> [PROBLEM]
Quote the records in full and leave their pictures out.

> [SOURCE DATA]
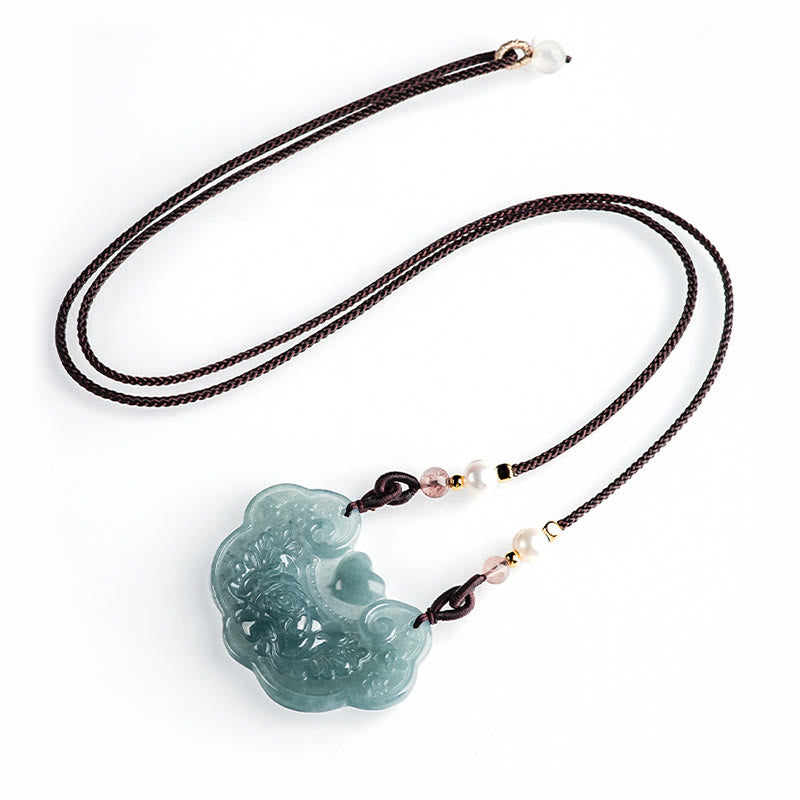 Collana con Buddha Stones a forma di fiore di peonia in giada naturale con ciondolo a forma di lucchetto di buoni auguri e prosperità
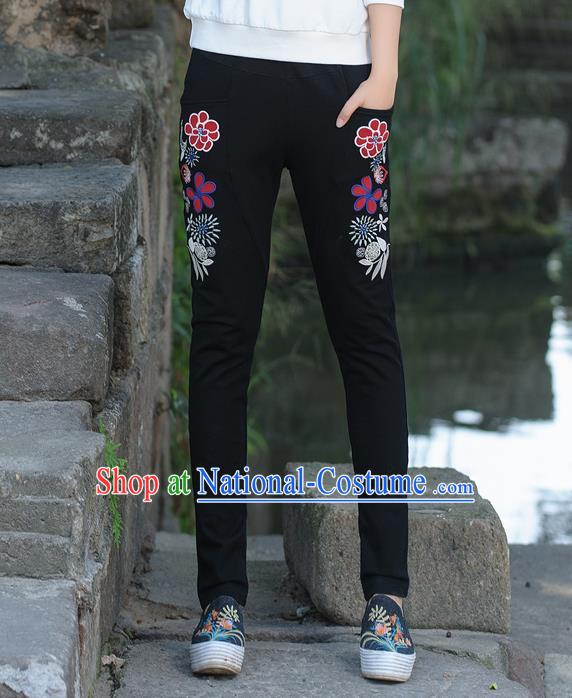 Traditional Ancient Chinese National Costume Casual Pants, Elegant Hanfu Embroidered Pants, China Tang Suit Black Trousers for Women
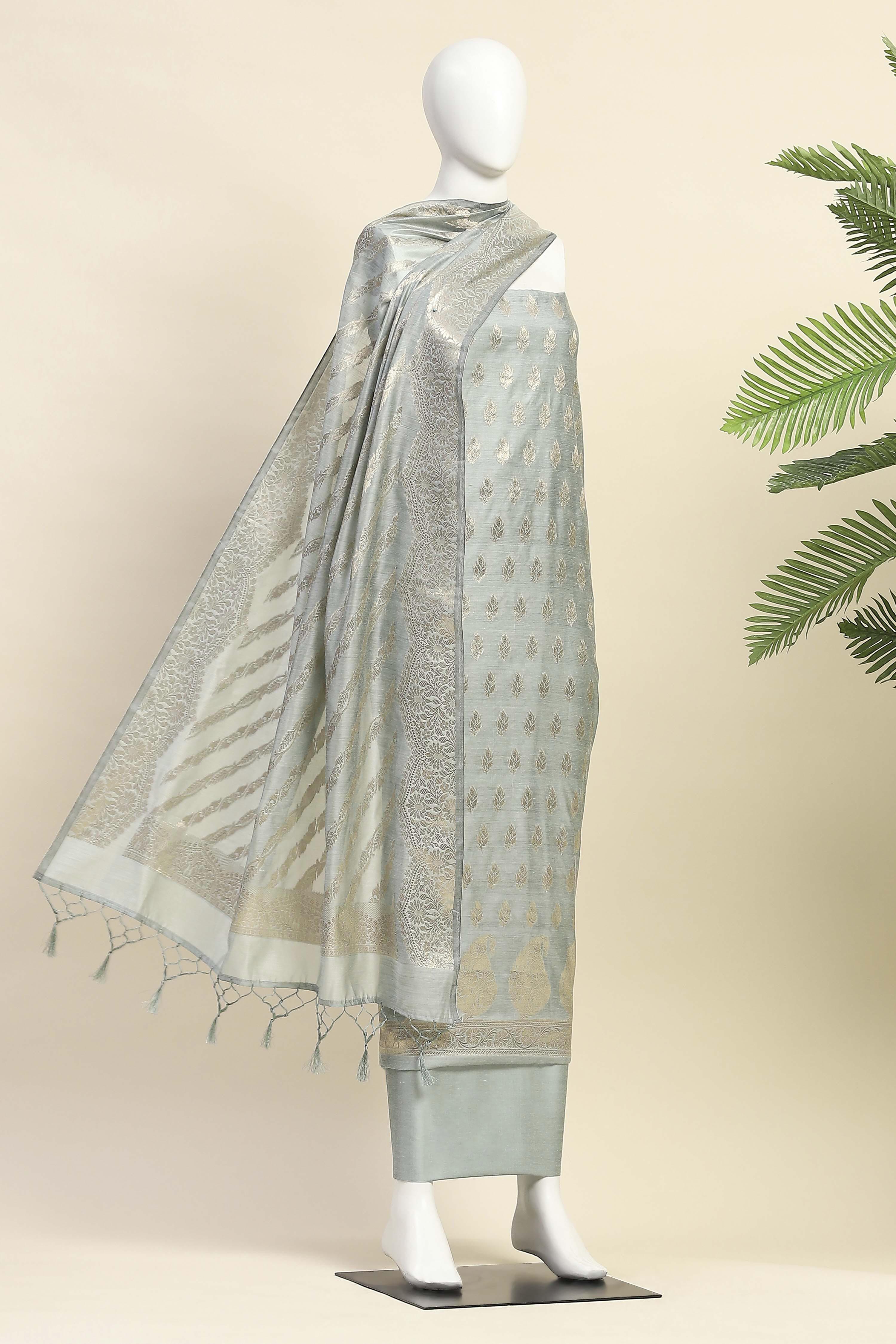 Blue Chanderi  Unstitched Suit Set image number 4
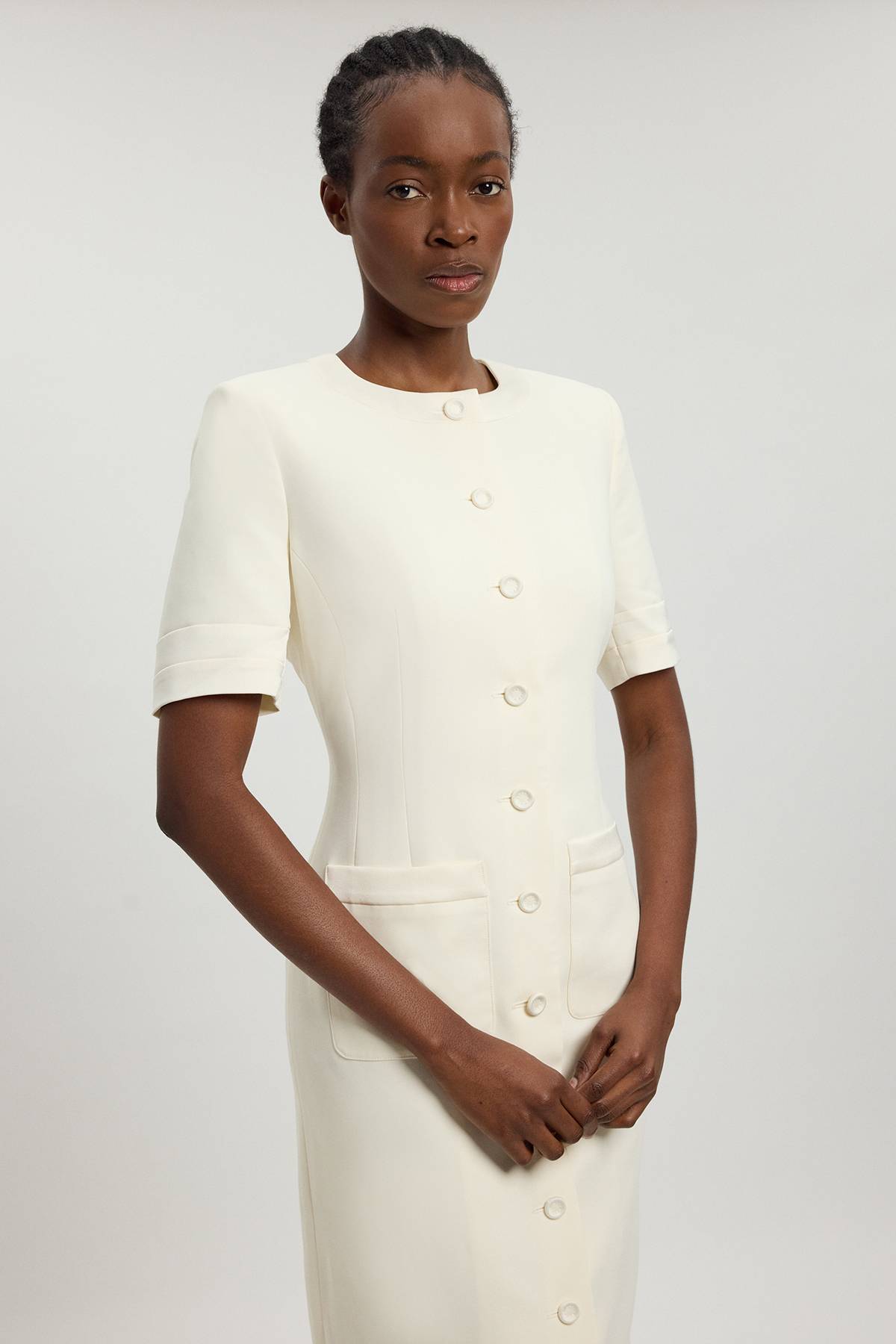 KarenMillen Robe Midi Ajustée En Satin Smoking À Manches Courtes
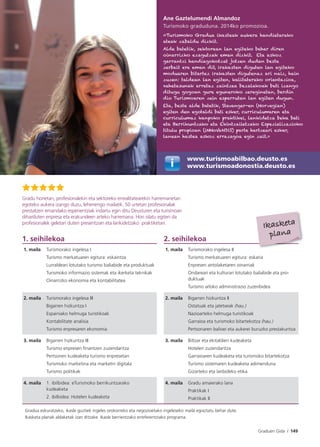 Graduen Gida I 149
1. seihilekoa 2. seihilekoa
1. maila Turismorako ingelesa I
Turismo merkatuaren egitura: eskaintza
Lurraldeari lotutako turismo baliabide eta produktuak
Turismoko informazio sistemak eta ikerketa teknikak
Oinarrizko ekonomia eta kontabilitatea
1. maila Turismorako ingelesa II
Turismo merkatuaren egitura: eskaria
Enpresen antolaketaren oinarriak
Ondareari eta kulturari lotutako baliabide eta pro-
duktuak
Turismo arloko administrazio zuzenbidea
2. maila Turismorako ingelesa III
Bigarren hizkuntza I
Espainiako helmuga turistikoak
Kontabilitate analisia
Turismo enpresaren ekonomia
2. maila Bigarren hizkuntza II
Ostatuak eta jatetxeak (hau.)
Nazioarteko helmuga turistikoak
Garraioa eta turismoko bitartekotza (hau.)
Pertsonaren balioei eta aukerei buruzko prestakuntza
3. maila Bigarren hizkuntza III
Turismo enpresen ﬁnantzen zuzendaritza
Pertsonen kudeaketa turismo enpresetan
Turismoko marketina eta marketin digitala
Turismo politikak
3. maila Biltzar eta ekitaldien kudeaketa
Hotelen zuzendaritza
Garraioaren kudeaketa eta turismoko bitartekotza
Turismo sistemaren kudeaketa adimenduna
Gizarteko eta lanbideko etika
4. maila 1. ibilbidea: eTurismoko berrikuntzarako
kudeaketa
2. ibilbidea: Hotelen kudeaketa
4. maila Gradu amaierako lana
Praktikak I
Praktikak II
Gradua eskuratzeko, ikasle guztiek ingeles orokorreko eta negozioetako ingeleseko maila egiaztatu behar dute.
Ikasketa planak aldaketak izan ditzake. Ikasle berrientzako erreferentziako programa.
Gradu honetan, profesionalekin eta sektoreko errealitatearekin harremanetan
egoteko aukera izango duzu, lehenengo mailatik. 50 urtetan profesionalak
prestatzen emandako esperientziak indartu egin ditu Deusturen eta turismoan
diharduten enpresa eta erakundeen arteko harremana. Hori islatu egiten da
profesionalek geletan duten presentzian eta lankidetzako praktiketan.
www.turismoabilbao.deusto.es
www.turismoadonostia.deusto.es
Ane Gaztelumendi Almandoz
Turismoko graduduna. 2014ko promozioa.
«Turismoko Gradua ikasteak aukera handietarako
ateak zabaldu dizkit.
Alde batetik, sektorean lan egiteko behar diren
oinarrizko ezagutzak eman dizkit. Eta askoz
garrantzi handiagokotzat jotzen dudan beste
zerbait ere eman dit, irakasten diguten lan egiteko
moduaren bitartez irakasten digutenaz ari naiz, hain
zuzen: taldean lan egiten, kalitaterako orientazioa,
xehetasunak arretaz zaintzea bezalakoak beti izango
ditugu gogoan gure eguneroko zereginetan, berdin
dio Turismoaren zein esparrutan lan egiten dugun.
Eta, beste alde batetik, Stavanger-en (Norvegian)
egiten den egotaldi bati esker, curriculumaren eta
curriculumaz kanpoko praktikei, lankidetza beka bati
eta Berrikuntzako eta Ekintzailetzako Espezializazioko
titulu propioan (iNNoVaNDiS) parte hartzeari esker,
lanean hastea askoz errazagoa egin zait.»
Ikasketa
plana
 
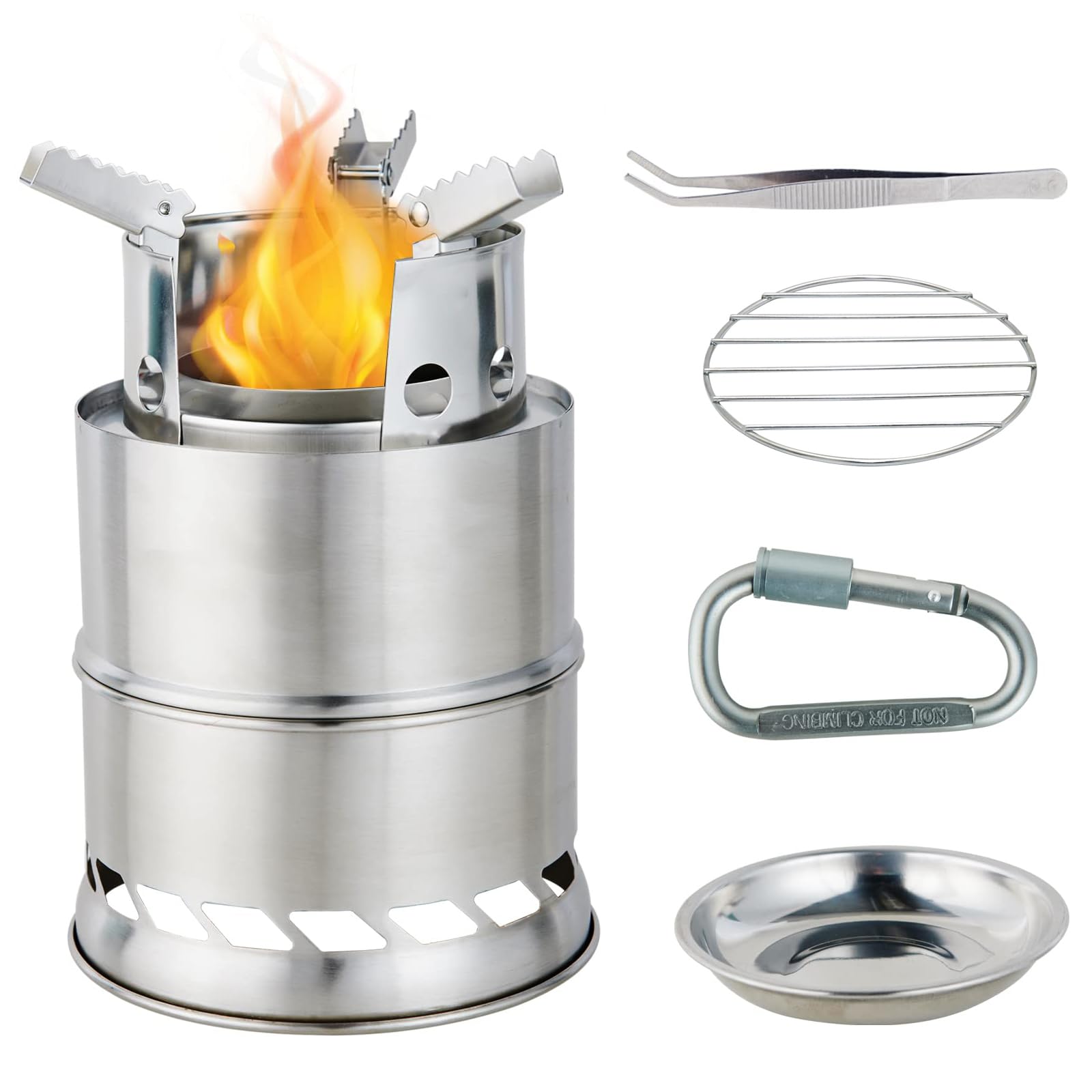 MEETSUN Mini Portable Wood Burning Stove, Camping Stove Foldable Stainless Steel Backpacking Stove Camping Cookware Rocket Stove Solid Alcohol stove for Camping Hiking Picnic Indoor Outdoor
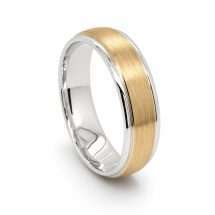 Argentium And 9ct Yellow Gold 6mm Court Wedding Ring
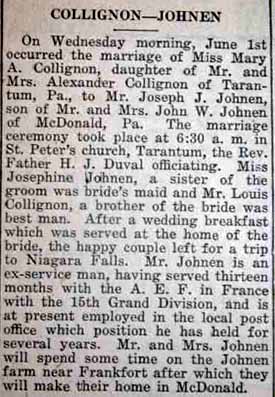 Article 2 Marriage Notice for Joseph J. JOHNEN to Mary A. Collignon, 1 Jun 1921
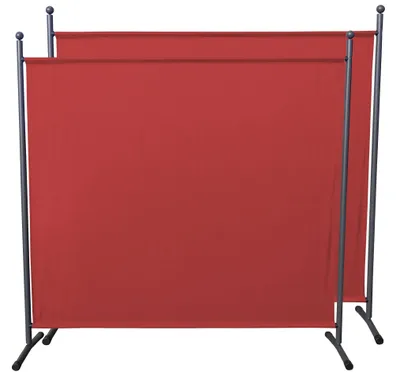 Produktbild von 2 Stück Paravent 180 x 178 cm Rotorange - Raumteiler Stellwand Blickdicht Innen & Außen - Garten & Balkon Sichtschutz Trennwand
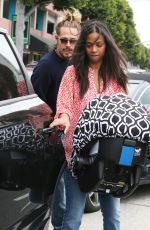 ZOE SALDANA Out and About in Beverly Hills 05/07/2015
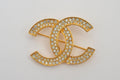 Chanel Vintage Gold Rhinestone Brooch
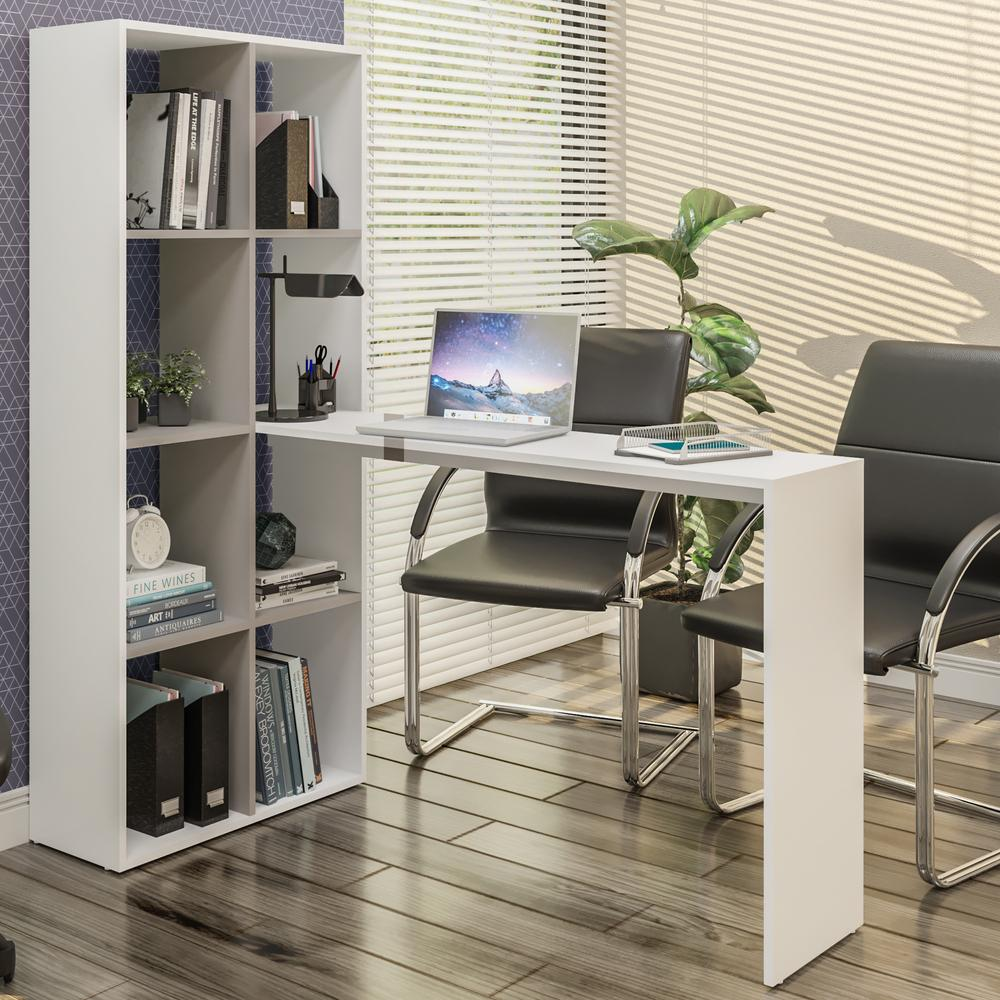 Mesa Office com estante lateral Multimóveis Branco/Lacca Fume Mesa Office com estante lateral Multimóveis Branco/Lacca Fume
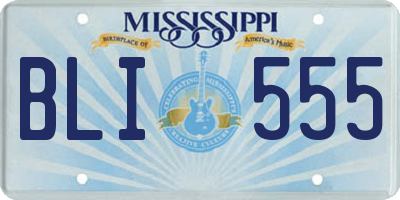 MS license plate BLI555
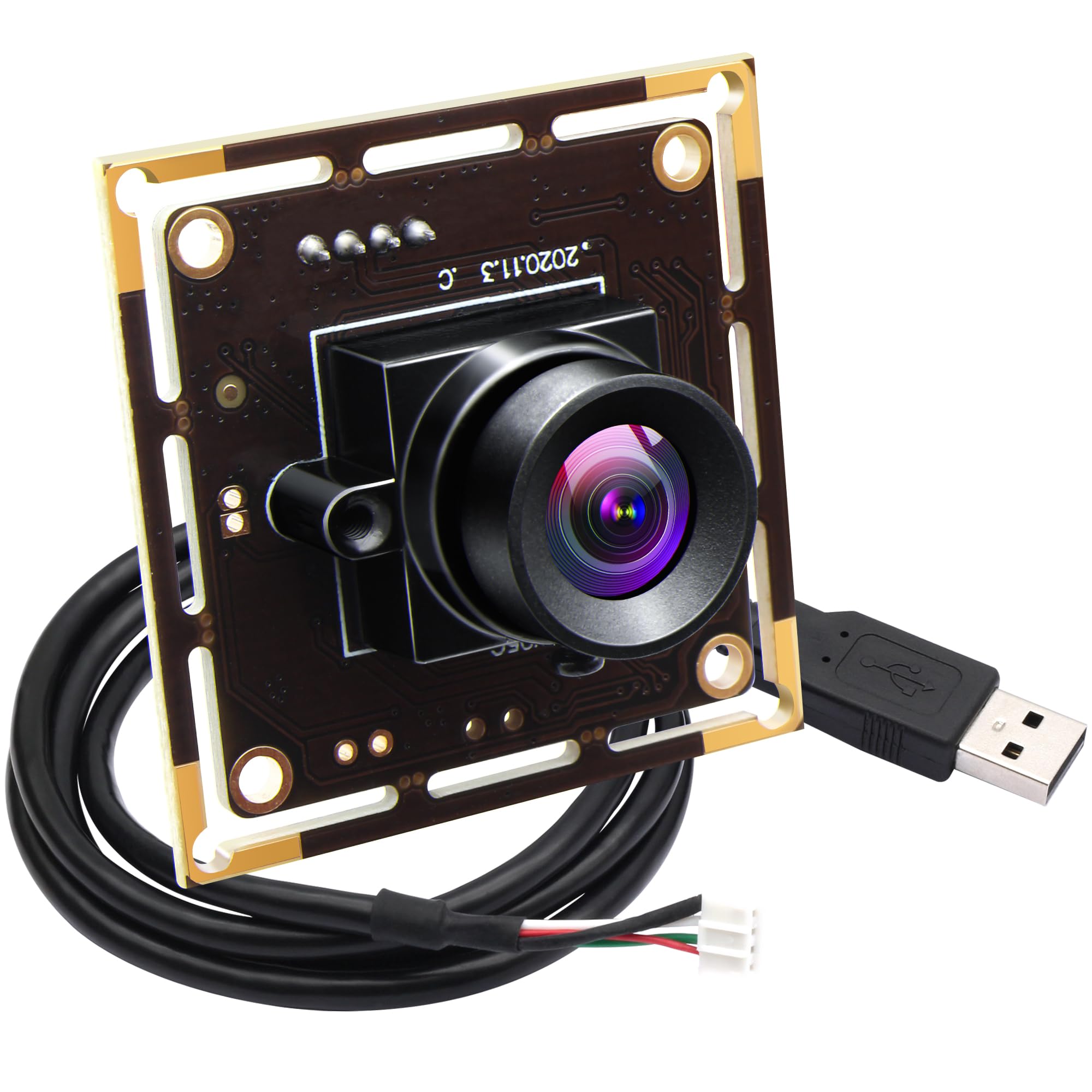 ELP 5MP USB Camera Module with 100 Degree No Distortion Lens with Aptina MI5100 OTG Webcam for Industrial Machine HD Web Conference Compatible with Windows Android Linux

> [TASK SOLUTION]
 Collana con Buddha Stones a forma di fiore di peonia in giada naturale con ciondolo a forma di lucchetto di buoni auguri e prosperità
 Traditional Ancient Chinese National Costume Casual Pants, Elegant Hanfu Embroidered Pants, China Tang Suit Black Trousers for Women
 Blue Chanderi  Unstitched Suit Set image number 4
 KarenMillen Robe Midi Ajustée En Satin Smoking À Manches Courtes
 Graduen Gida I 149
1. seihilekoa 2. seihilekoa
1. maila Turismorako ingelesa I
Turismo merkatuaren egitura: eskaintza
Lurraldeari lotutako turismo baliabide eta produktuak
Turismoko informazio sistemak eta ikerketa teknikak
Oinarrizko ekonomia eta kontabilitatea
1. maila Turismorako ingelesa II
Turismo merkatuaren egitura: eskaria
Enpresen antolaketaren oinarriak
Ondareari eta kulturari lotutako baliabide eta pro-
duktuak
Turismo arloko administrazio zuzenbidea
2. maila Turismorako ingelesa III
Bigarren hizkuntza I
Espainiako helmuga turistikoak
Kontabilitate analisia
Turismo enpresaren ekonomia
2. maila Bigarren hizkuntza II
Ostatuak eta jatetxeak (hau.)
Nazioarteko helmuga turistikoak
Garraioa eta turismoko bitartekotza (hau.)
Pertsonaren balioei eta aukerei buruzko prestakuntza
3. maila Bigarren hizkuntza III
Turismo enpresen ﬁnantzen zuzendaritza
Pertsonen kudeaketa turismo enpresetan
Turismoko marketina eta marketin digitala
Turismo politikak
3. maila Biltzar eta ekitaldien kudeaketa
Hotelen zuzendaritza
Garraioaren kudeaketa eta turismoko bitartekotza
Turismo sistemaren kudeaketa adimenduna
Gizarteko eta lanbideko etika
4. maila 1. ibilbidea: eTurismoko berrikuntzarako
kudeaketa
2. ibilbidea: Hotelen kudeaketa
4. maila Gradu amaierako lana
Praktikak I
Praktikak II
Gradua eskuratzeko, ikasle guztiek ingeles orokorreko eta negozioetako ingeleseko maila egiaztatu behar dute.
Ikasketa planak aldaketak izan ditzake. Ikasle berrientzako erreferentziako programa.
Gradu honetan, profesionalekin eta sektoreko errealitatearekin harremanetan
egoteko aukera izango duzu, lehenengo mailatik. 50 urtetan profesionalak
prestatzen emandako esperientziak indartu egin ditu Deusturen eta turismoan
diharduten enpresa eta erakundeen arteko harremana. Hori islatu egiten da
profesionalek geletan duten presentzian eta lankidetzako praktiketan.
www.turismoabilbao.deusto.es
www.turismoadonostia.deusto.es
Ane Gaztelumendi Almandoz
Turismoko graduduna. 2014ko promozioa.
«Turismoko Gradua ikasteak aukera handietarako
ateak zabaldu dizkit.
Alde batetik, sektorean lan egiteko behar diren
oinarrizko ezagutzak eman dizkit. Eta askoz
garrantzi handiagokotzat jotzen dudan beste
zerbait ere eman dit, irakasten diguten lan egiteko
moduaren bitartez irakasten digutenaz ari naiz, hain
zuzen: taldean lan egiten, kalitaterako orientazioa,
xehetasunak arretaz zaintzea bezalakoak beti izango
ditugu gogoan gure eguneroko zereginetan, berdin
dio Turismoaren zein esparrutan lan egiten dugun.
Eta, beste alde batetik, Stavanger-en (Norvegian)
egiten den egotaldi bati esker, curriculumaren eta
curriculumaz kanpoko praktikei, lankidetza beka bati
eta Berrikuntzako eta Ekintzailetzako Espezializazioko
titulu propioan (iNNoVaNDiS) parte hartzeari esker,
lanean hastea askoz errazagoa egin zait.»
Ikasketa
plana
 
 MEETSUN Mini Portable Wood Burning Stove, Camping Stove Foldable Stainless Steel Backpacking Stove Camping Cookware Rocket Stove Solid Alcohol stove for Camping Hiking Picnic Indoor Outdoor
 Argentium And 9ct Yellow Gold 6mm Court Wedding Ring
 Article 2 Marriage Notice for Joseph J. JOHNEN to Mary A. Collignon, 1 Jun 1921
 Produktbild von 2 Stück Paravent 180 x 178 cm Rotorange - Raumteiler Stellwand Blickdicht Innen & Außen - Garten & Balkon Sichtschutz Trennwand
 ZOE SALDANA Out and About in Beverly Hills 05/07/2015
 Chanel Vintage Gold Rhinestone Brooch
 Mesa Office com estante lateral Multimóveis Branco/Lacca Fume Mesa Office com estante lateral Multimóveis Branco/Lacca Fume
 MS license plate BLI555
 ELP 5MP USB Camera Module with 100 Degree No Distortion Lens with Aptina MI5100 OTG Webcam for Industrial Machine HD Web Conference Compatible with Windows Android Linux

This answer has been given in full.